Taking each line of the material below in turn, count those containing the string "living". Provide the number alone.

__Dataset excerpts__.
-*-*-

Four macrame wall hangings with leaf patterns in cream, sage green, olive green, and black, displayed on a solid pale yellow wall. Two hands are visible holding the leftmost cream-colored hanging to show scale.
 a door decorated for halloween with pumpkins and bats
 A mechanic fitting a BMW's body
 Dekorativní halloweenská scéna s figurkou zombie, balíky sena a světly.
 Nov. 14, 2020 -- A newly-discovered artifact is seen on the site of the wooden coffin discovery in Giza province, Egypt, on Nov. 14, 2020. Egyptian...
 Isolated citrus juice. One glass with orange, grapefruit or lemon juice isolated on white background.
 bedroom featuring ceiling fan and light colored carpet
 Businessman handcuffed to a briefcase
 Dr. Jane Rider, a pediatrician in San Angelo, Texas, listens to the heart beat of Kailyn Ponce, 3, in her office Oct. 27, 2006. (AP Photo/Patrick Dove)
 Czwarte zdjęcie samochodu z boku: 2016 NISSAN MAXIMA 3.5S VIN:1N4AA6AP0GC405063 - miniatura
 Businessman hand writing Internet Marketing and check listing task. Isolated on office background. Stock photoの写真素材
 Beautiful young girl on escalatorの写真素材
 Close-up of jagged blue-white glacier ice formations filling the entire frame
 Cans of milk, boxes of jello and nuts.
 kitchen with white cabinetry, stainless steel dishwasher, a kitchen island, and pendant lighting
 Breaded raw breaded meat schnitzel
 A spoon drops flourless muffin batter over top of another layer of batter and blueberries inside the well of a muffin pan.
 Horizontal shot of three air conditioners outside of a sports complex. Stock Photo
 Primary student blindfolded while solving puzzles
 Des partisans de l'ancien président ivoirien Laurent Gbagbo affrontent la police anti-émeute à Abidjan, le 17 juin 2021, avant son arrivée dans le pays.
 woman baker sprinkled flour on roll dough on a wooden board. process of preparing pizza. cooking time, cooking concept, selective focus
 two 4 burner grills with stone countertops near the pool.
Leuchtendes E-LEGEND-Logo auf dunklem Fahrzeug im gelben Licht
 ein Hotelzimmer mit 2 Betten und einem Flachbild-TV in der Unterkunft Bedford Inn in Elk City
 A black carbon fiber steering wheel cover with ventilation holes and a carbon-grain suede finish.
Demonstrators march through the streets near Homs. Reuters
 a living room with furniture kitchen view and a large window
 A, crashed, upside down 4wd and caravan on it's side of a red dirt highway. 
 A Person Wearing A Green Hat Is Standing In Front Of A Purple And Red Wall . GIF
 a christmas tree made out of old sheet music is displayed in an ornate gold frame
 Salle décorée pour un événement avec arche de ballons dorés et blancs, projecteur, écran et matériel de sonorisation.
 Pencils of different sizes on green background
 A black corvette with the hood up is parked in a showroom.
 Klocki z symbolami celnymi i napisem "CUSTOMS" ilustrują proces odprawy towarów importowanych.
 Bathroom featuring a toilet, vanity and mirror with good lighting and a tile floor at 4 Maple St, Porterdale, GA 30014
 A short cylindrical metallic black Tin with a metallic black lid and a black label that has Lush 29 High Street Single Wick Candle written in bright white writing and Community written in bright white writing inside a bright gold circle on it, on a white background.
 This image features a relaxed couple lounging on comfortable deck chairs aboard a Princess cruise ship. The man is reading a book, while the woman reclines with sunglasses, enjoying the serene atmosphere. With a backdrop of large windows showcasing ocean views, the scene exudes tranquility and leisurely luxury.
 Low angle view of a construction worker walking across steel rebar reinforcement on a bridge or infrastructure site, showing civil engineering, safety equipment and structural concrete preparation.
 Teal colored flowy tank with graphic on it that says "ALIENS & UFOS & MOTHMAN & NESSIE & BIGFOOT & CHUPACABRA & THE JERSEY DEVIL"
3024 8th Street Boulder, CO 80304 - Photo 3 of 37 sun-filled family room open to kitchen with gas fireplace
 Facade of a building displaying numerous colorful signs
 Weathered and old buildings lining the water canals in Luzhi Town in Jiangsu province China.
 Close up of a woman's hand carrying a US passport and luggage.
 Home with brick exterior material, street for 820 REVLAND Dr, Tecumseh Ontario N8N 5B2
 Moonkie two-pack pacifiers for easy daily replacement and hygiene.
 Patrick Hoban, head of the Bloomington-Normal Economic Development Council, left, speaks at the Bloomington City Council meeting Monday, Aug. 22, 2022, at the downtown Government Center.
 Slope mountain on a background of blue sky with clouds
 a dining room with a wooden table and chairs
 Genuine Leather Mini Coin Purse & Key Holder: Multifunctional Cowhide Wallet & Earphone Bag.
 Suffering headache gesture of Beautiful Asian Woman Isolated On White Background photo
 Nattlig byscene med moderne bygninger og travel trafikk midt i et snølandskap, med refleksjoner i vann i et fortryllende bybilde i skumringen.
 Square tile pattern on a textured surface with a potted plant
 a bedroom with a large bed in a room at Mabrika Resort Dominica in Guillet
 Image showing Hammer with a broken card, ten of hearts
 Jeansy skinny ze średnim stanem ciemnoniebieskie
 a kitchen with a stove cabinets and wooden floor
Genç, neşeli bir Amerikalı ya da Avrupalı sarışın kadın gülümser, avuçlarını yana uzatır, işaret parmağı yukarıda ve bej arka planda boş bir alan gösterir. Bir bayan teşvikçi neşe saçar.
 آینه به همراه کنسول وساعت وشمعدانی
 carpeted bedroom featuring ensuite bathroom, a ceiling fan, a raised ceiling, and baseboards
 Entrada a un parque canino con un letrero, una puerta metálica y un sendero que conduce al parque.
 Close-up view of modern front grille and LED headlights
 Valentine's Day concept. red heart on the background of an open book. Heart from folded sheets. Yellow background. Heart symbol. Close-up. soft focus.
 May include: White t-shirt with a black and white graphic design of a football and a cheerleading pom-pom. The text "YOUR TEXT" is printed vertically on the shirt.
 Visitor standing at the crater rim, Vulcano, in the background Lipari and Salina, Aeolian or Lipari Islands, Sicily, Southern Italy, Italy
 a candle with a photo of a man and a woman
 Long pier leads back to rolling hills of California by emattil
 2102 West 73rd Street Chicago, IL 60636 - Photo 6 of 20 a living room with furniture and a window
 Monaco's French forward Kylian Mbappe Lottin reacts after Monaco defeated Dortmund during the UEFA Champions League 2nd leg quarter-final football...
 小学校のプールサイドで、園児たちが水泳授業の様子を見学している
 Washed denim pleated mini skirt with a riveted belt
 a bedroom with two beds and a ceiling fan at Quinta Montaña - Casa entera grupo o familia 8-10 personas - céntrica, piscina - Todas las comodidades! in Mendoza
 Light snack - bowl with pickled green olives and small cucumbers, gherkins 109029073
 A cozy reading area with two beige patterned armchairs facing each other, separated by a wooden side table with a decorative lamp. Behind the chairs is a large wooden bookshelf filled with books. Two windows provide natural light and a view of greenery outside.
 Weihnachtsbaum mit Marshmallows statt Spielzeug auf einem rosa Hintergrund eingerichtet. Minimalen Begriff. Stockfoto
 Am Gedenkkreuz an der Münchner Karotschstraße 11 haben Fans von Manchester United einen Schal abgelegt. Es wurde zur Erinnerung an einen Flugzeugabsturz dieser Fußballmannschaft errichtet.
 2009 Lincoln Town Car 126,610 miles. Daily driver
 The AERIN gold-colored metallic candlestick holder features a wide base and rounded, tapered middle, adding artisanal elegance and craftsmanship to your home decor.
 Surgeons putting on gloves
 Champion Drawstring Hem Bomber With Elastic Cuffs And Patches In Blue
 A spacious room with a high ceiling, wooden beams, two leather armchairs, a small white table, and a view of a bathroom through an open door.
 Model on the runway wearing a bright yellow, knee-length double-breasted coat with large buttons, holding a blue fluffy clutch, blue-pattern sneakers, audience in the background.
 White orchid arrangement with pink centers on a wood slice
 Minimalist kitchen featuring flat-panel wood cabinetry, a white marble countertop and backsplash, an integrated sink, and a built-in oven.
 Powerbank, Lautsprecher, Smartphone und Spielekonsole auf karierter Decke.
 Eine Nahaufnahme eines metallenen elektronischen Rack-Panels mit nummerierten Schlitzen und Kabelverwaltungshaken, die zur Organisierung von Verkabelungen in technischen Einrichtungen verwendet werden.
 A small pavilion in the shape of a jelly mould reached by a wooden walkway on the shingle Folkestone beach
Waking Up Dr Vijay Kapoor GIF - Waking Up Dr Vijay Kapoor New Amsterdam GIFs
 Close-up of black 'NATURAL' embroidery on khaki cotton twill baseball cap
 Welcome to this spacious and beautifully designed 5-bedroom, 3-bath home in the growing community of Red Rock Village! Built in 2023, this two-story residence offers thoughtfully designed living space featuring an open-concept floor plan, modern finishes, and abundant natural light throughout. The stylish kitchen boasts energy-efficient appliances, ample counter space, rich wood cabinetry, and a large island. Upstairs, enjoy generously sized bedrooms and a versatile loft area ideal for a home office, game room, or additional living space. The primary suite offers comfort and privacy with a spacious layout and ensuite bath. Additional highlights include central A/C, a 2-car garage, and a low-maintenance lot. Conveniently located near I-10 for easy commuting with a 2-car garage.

-*-*-

__Response below__. 3